Formula il seguente quesito “Dica la Suprema Corte di cassazione se nella ipotesi in cui l’obbligazione abbia natura tributaria e sia inerente all’attività lavorativa autonoma del debitore, debbano presumersi sussistenti i requisiti, richiesti, dall’art. 170 c.c., della estraneità dell’obbligazione ai bisogni familiari e della consapevolezza da parte del creditore di tale estraneità, ovvero, se in applicazione dell’art. 170 c.c., debba essere fornita la prova positiva della rottura della relazione che intercorre fra la produzione di reddito da parte del capofamiglia e la sua destinazione al sostentamento e allo sviluppo della famiglia nonchè della consapevolezza del creditore”.

5.2. Il motivo è inammissibile in quanto non coglie la ratio decidendi della sentenza impugnata e non risulta pertinente al decisum.

Il giudice di primo grado, contrariamente a quanto assume la ricorrente, non ha deciso in assenza di prova ed anzi si è attenuto al principio (cfr. Cass. n. 5385/2013) secondo il quale l’onere della prova dei presupposti di applicabilità dell’art. 170 c.c., grava sulla parte che intende avvalersi del regime di impignorabilità dei beni costituiti in fondo patrimoniale, e quindi, nel caso, sul debitore opponente, che deve provare che il debito per cui si procede venne contratto per scopi estranei ai bisogni della famiglia e che il creditore ne era consapevole, ed ha precisato che la, prova può consistere anche in “presunzioni semplici o nel ricorso a criteri logici e di comune esperienza” (fol. 4 della sent.).

Il giudice di merito ha quindi sviluppato il suo ragionamento giuridico su più elementi, puntualmente indicati, e cioè la fonte dell’obbligazione, costituita dall’attività lavorativa del contribuente, e l’elevato importo del debito tributario, ed ha ritenuto provata la estraneità dei debiti ai bisogni familiari e la consapevolezza del creditore. Sul punto, giova ricordare peraltro che questa Corte ha già affermato che la prova di applicabilità dell’art. 170 c.c., alla stregua dei principi generali, ben può essere fornita anche avvalendosi di presunzioni ai sensi dell’art. 2729 c.c., gravando comunque sull’opponente l’onere di allegare e dimostrare i fatti noti, da cui desumere, in via presuntiva, i fatti oggetto di prova (cfr. Cass. n. 4011/2013).
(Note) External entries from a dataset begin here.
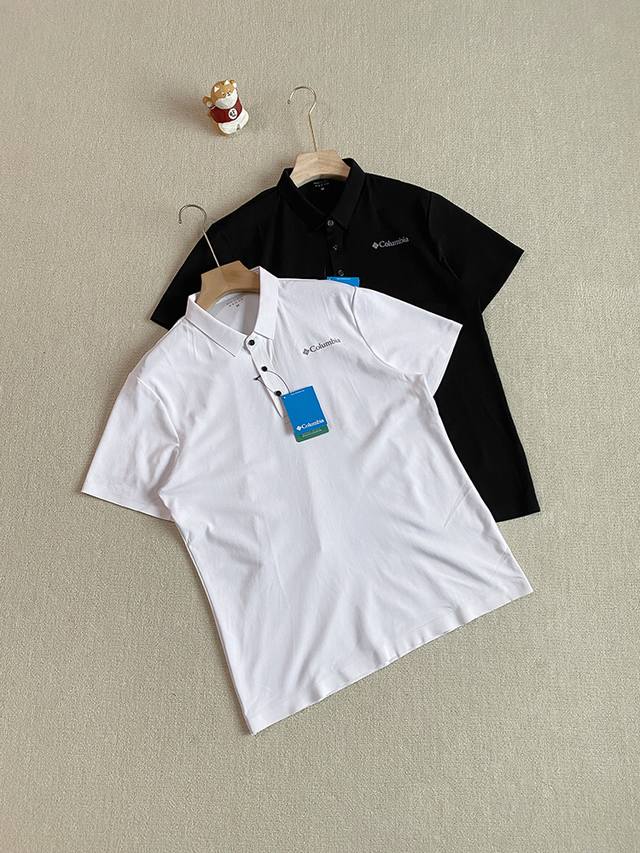 原单货 数量不多 columbia 哥伦比亚 户外25春夏新品男吸湿速干polo衫 这是一款专为春夏季节设计的商务休闲polo 适合户外活动 运动训练或日常休闲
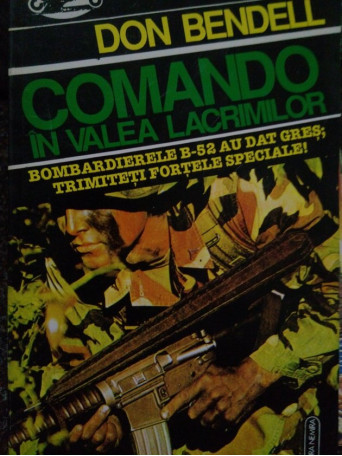 Don Bendell - Comando in valea lacrimilor - 1994 - Brosata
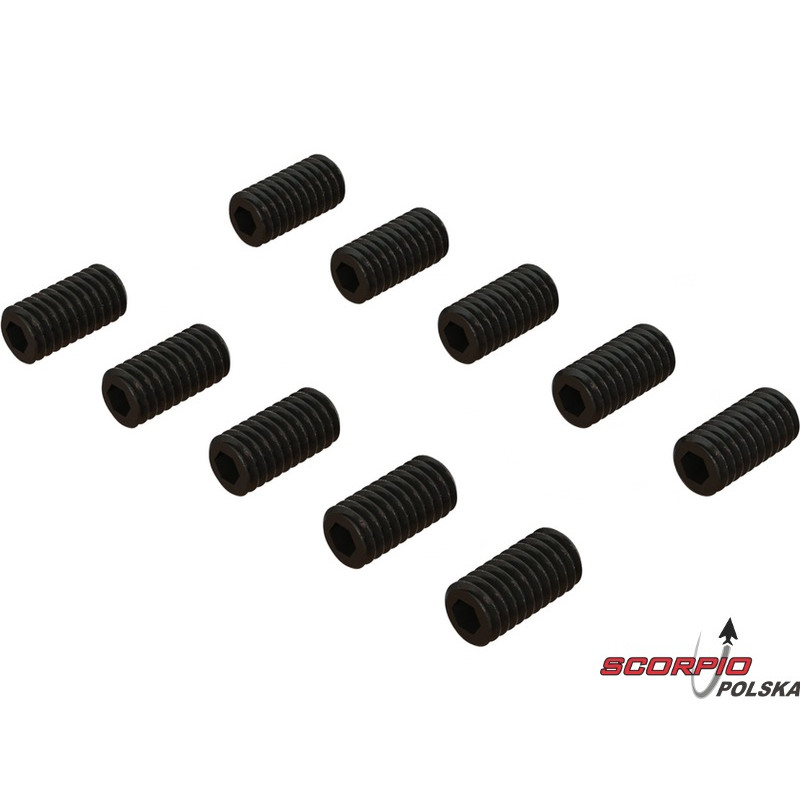 Arrma wpust imbus M4x8mm (10)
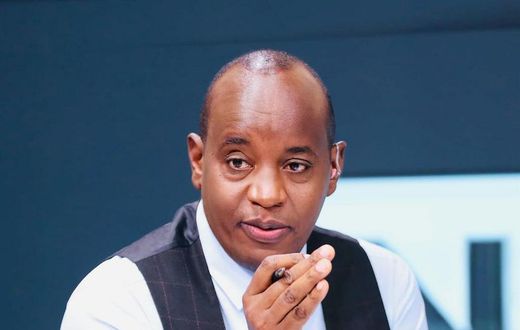 Group Editorial & Strategy Director, Royal Media Services RMS, Linus Kaikai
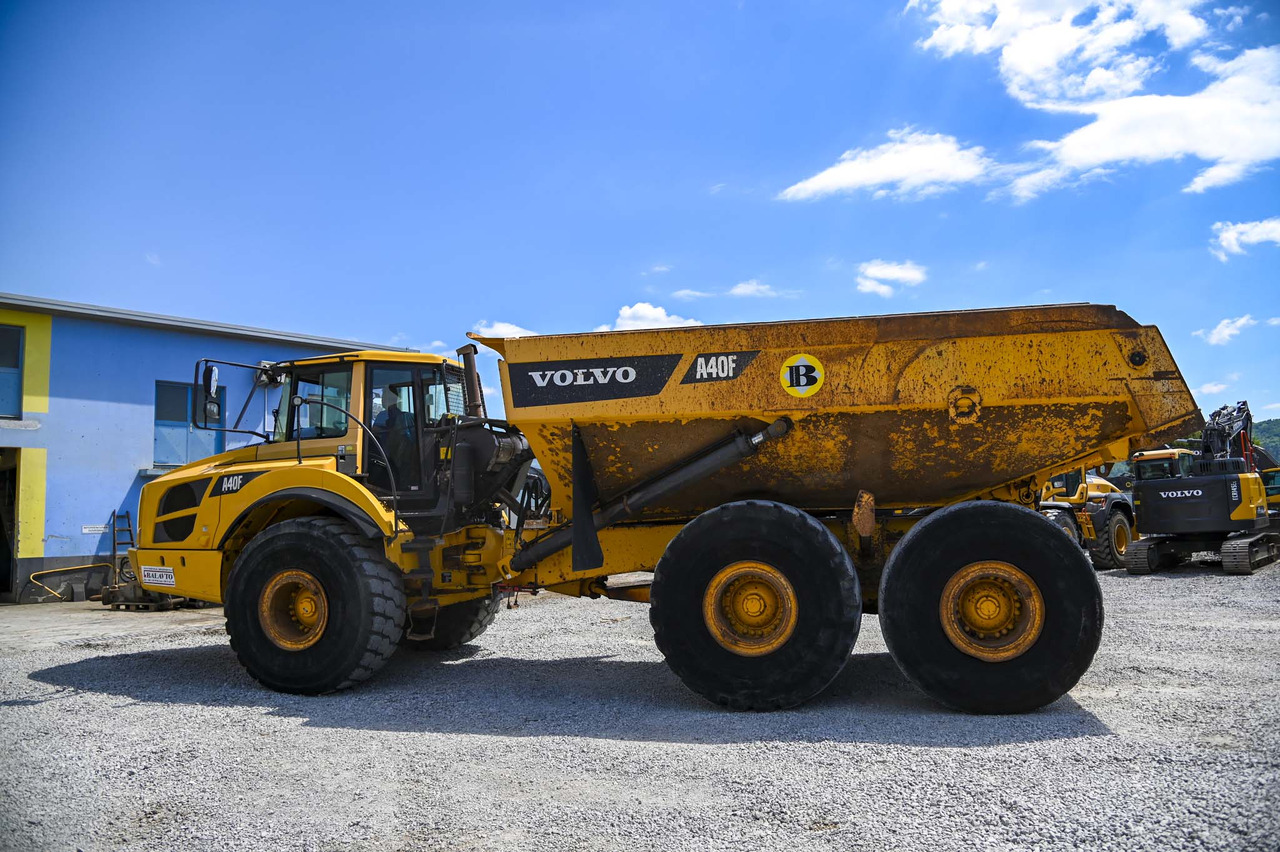 VOLVO A40F - Knækstyret dumper: billede 3 VOLVO A40F - Knækstyret dumper: billede 3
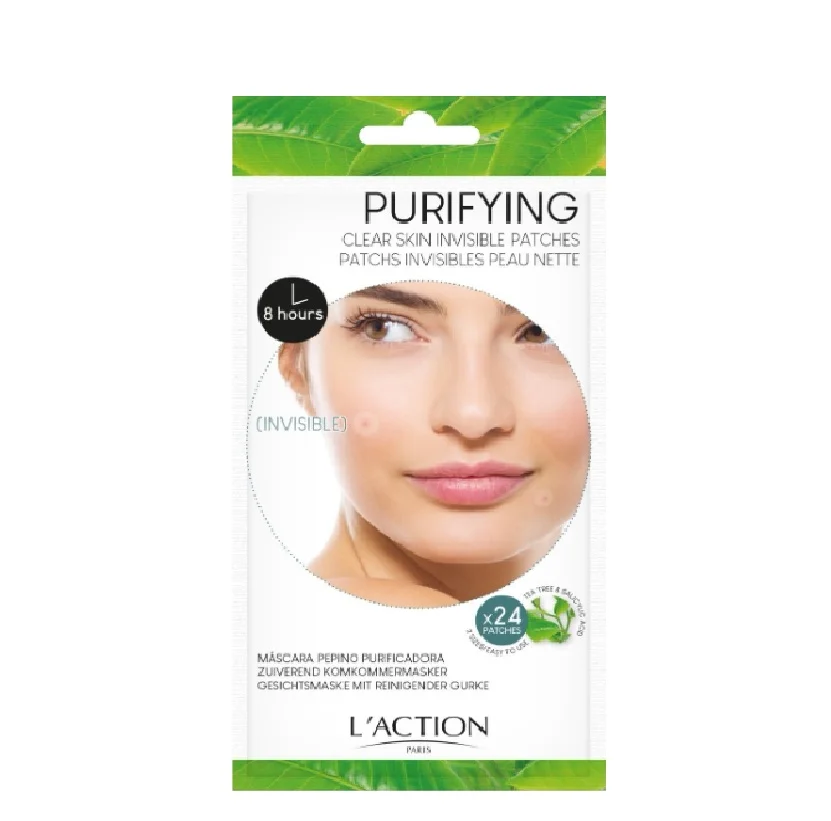 Φωτογραφία προϊόντος: L action Paris clear skin invisible patches για τα σπυράκια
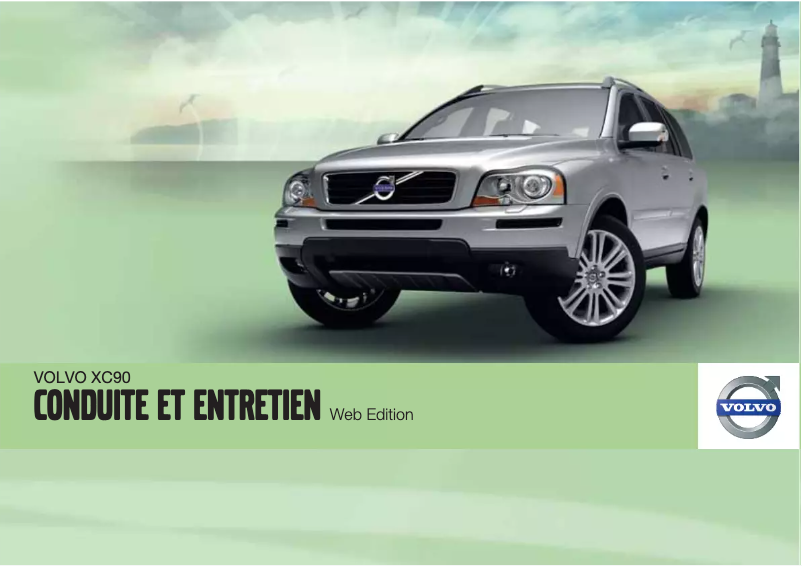 Page 1 de la notice Manuel utilisateur Volvo XC90 (2010)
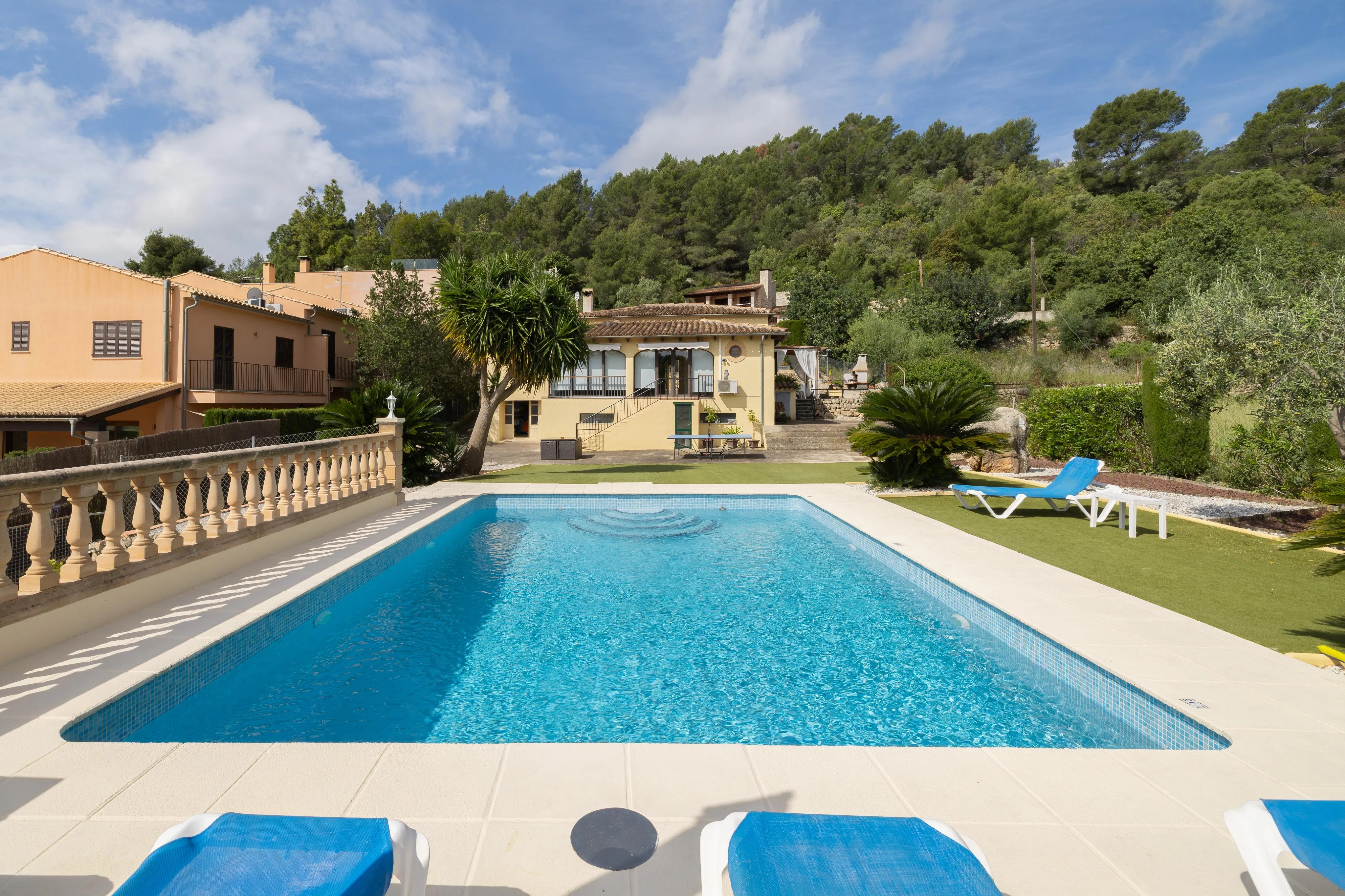 Charmerende villa med tilladelse til ferieudlejning i Mancor de la Vall-14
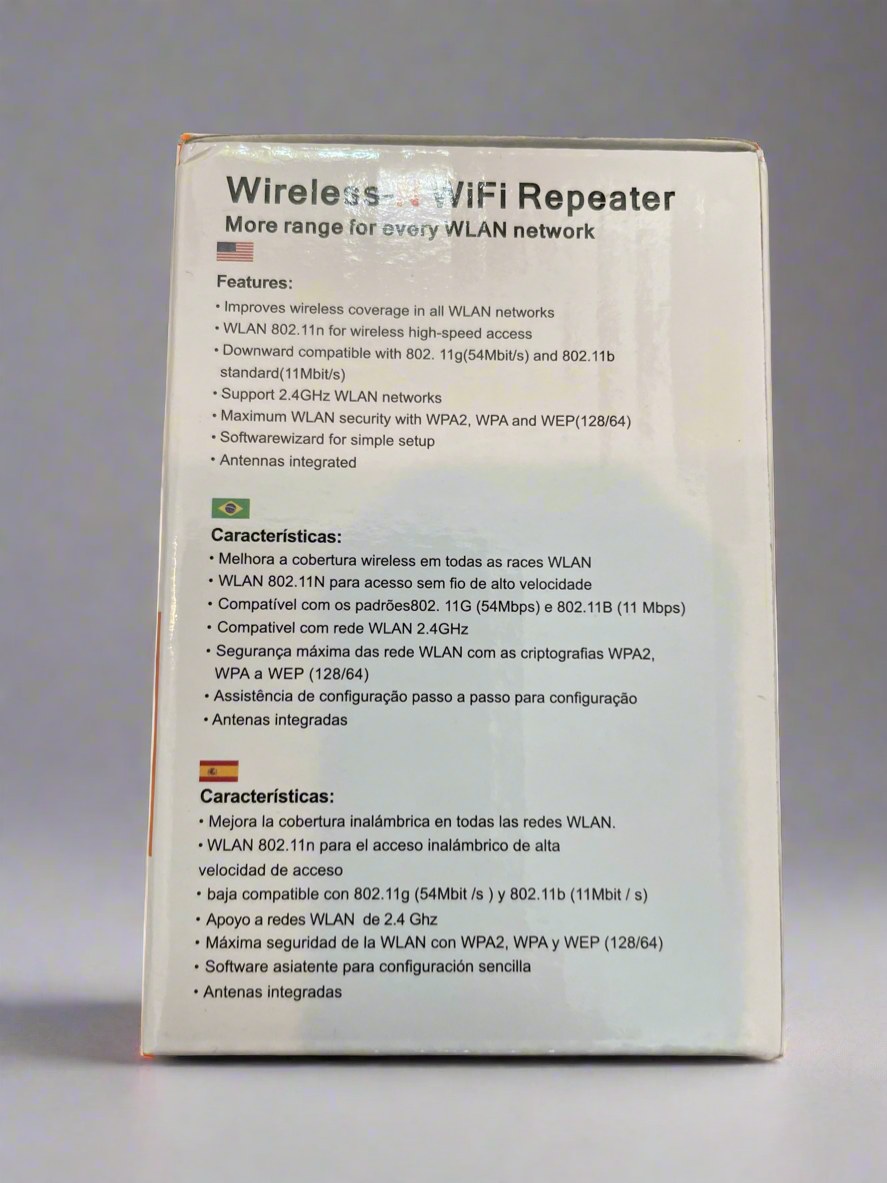 Wireless-N WiFi Repeater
5.3. La censura pertanto appare non pertinente alla decisione.

La statuizione è basata su un accertamento in fatto. Questo, in quanto relativo alla riconducibilità o meno dei debiti alle esigenze della famiglia, è istituzionalmente riservato al giudice del merito e non è censurabile in cassazione, se congruamente motivato (cfr., da ultimo, Cass. n. 12730/07, n. 933/12): la statuizione avrebbe, eventualmente, potuto essere censurata sotto il profilo del vizio motivazionale.

6.1. In conclusione, il ricorso va rigettato, infondati i motivi primo e terzo ed inammissibili i motivi secondo e quarto.

6.2. Le spese seguono la soccombenza e si liquidano a carico della Equitalia nella misura stabilita in dispositivo.

PQM

P.Q.M.

La Corte di Cassazione:

– rigetta il ricorso, infondati i motivi primo e terzo ed inammissibili i motivi secondo e quarto;

– condanna la ricorrente alla rifusione delle spese del giudizio di legittimità che liquida nel compenso di Euro.7.000,00, oltre spese borsuali per Euro.150,00, IVA e CASSA. Così deciso in Roma, nella Camera di Consiglio, il 24 marzo 2015.